Bony To Beastly : The Beginners Guide To Getting Bigger

Posted on 13-Jun-2016 by Kripa Jalan

Bony To Beastly : The Beginners Guide To Getting Bigger

Weight loss, burning fat, shredding, cutting and everything that has to do with showing you a lower number on the weighing scale has always been in the limelight. But not every transformation story is a fat to fit one. In truth, it’s just as hard for a conventionally “skinny” person to gain size as it is for an “overweight” person to lose it. Due to their genetics and inherent body types, ectomorphs may find it harder to put on muscle mass, as compared to mesomorphs and endomorphs. Maybe the ones tending to be on the heavier side, will squirm at these guys, but really they’re fighting a battle of their own. Getting stronger and bigger is a whole lot more than just the quest to look better, although there’s nothing wrong with that. It brings with it immense satisfaction in being able to do something new, that you couldn’t do previously. So if you’re looking to gain size, this one’s for you.

Spoiler alert: It will not turn you into the hulk, except maybe in comparison to before.

  1. Eat Enough

Just like someone trying to lose weight, while trying to gain size, your diet will account for most of your success; or failure for that matter. If you aren’t getting bigger, you aren’t eating enough. Your body torches just about 1500-2000 calories WITHOUT WORKING OUT. You’re going to have to eat a hell of a lot more so as to fuel the muscle building process. Now, for every person, the number of calories required daily differs. Some may require 3000 calories a day, some 5000. Sounds like a lot of food. But just like your muscle is trained to work harder, your stomach can be trained to eat more. Most of the time you’re probably underestimating how much you’re eating.

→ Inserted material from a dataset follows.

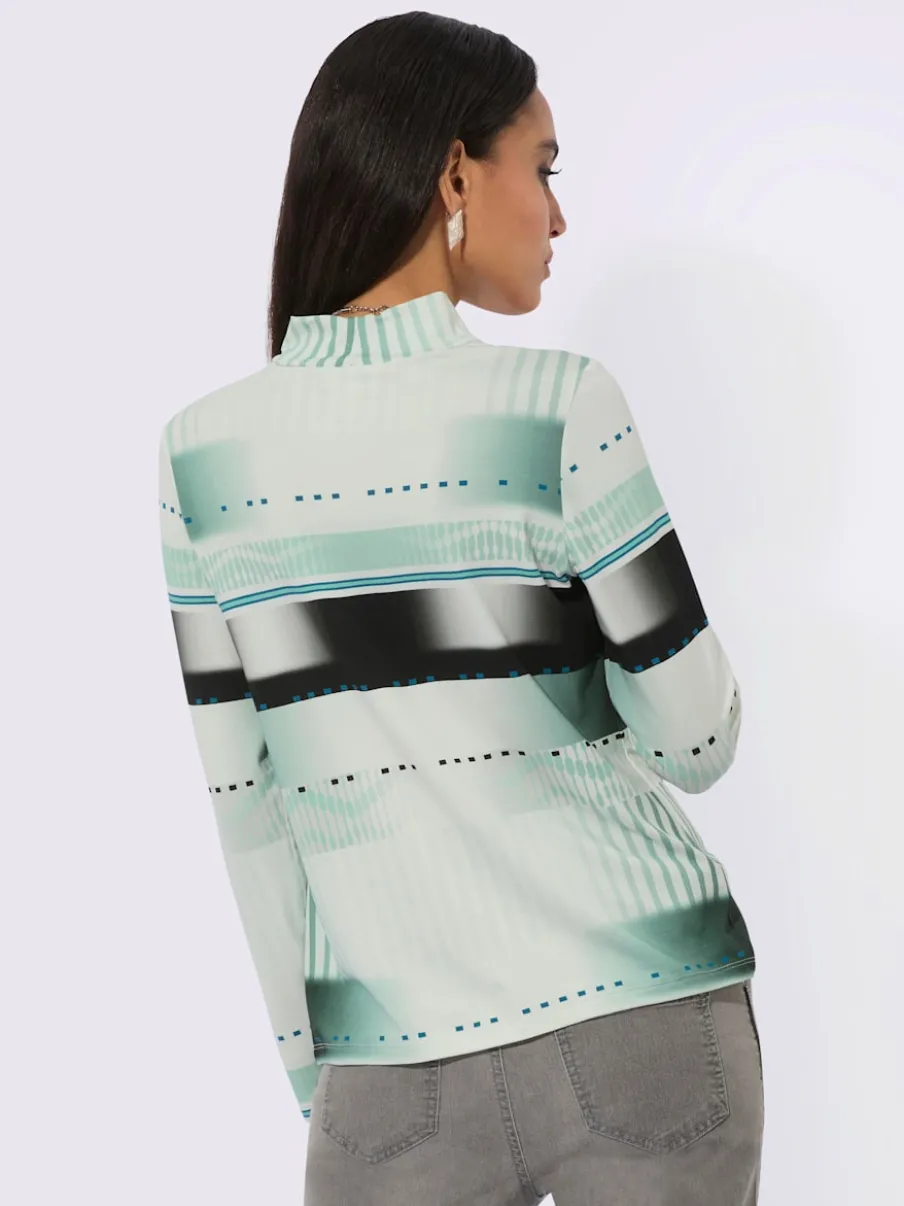 T-shirt col montant manches longues imprimé graphique extensible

  1. Set Realistic Goals For Yourself:

If you’re tempted by a program that offers gaining 20 lbs. in just 30 days, shoot it down. Under optimal conditions, you should aim to gain 2-4 lbs. of muscle mass per month. If you go for the 20 lb. hit, it’s likely you’re going to pack on extra glycogen, water and some fat. We’re looking for a sustainable change, not a “quick fix”. Rome wasn’t built in a day.

  1. Eat The Right Food:

Gaining size doesn’t mean you delve deep into a diet full of milkshakes and cookies. Quality still surpasses quantity. The goal is to get bigger and healthier not just pack on meat to the bones. Firstly, you need to ensure you’re eating adequate protein. Those requirements will vary from person to person. After protein, in order to get bigger you’ve got to draw surplus calories from carbs and fat. Get in your grains, vegetables, fruits, dairy products, nuts, nut butters and oils, but still keep your processed food intake to a bare minimal.

  1. Follow a solid plan

One that stimulates muscles growth throughout the body. Get in the basics, squats, deadlifts and bench press. If you’re too afraid of the barbell start with bodyweight movements like push ups and pull ups. The aim is to start and then stick to the routine. Having said that, after a point maybe simple calisthenics won’t cut It for you. Once you can do more than 10-15 reps of an exercise in a single set, you need to increase the challenge. Strap on a weight belt, do weighted push ups and pull ups and work your way up, incrementally.

  1. Be Patient:

Don’t get greedy. In an effort to hasten your results, you might want to train bigger, ramp up your workouts quickly, guzzle down supplements and overload the body. Resist the urge, it might just be a call for trouble. Start out with an easy weight and add on in very very small amounts, week after week. It’s still more than you were doing before. Just like running hours on a treadmill and eating lettuce leaves for lunch isn’t a sustainable option, neither is making yourself miserable to put on size. Slow and steady wins the race.

  1. Recover:

Yes it’s just as important as training. In the midst of getting two curling sessions in a day, you might pride yourself with not contributing enough time to sleep and recovery. When you strength train, your muscles constantly break down and need to rebuilt over the next couple of hours. Sleep is part of that process. Without it, your body can’t recover, and consequently you can’t grow.

  1. Hold back on cardio:

At least for a while. One goal at a time. Right now you’re working on strength and size. The treadmill might just “rob you of your gains”. If at all you want to, swim. When you do incorporate cardio back into your routine, make sure you’re keeping your calorie consumption high.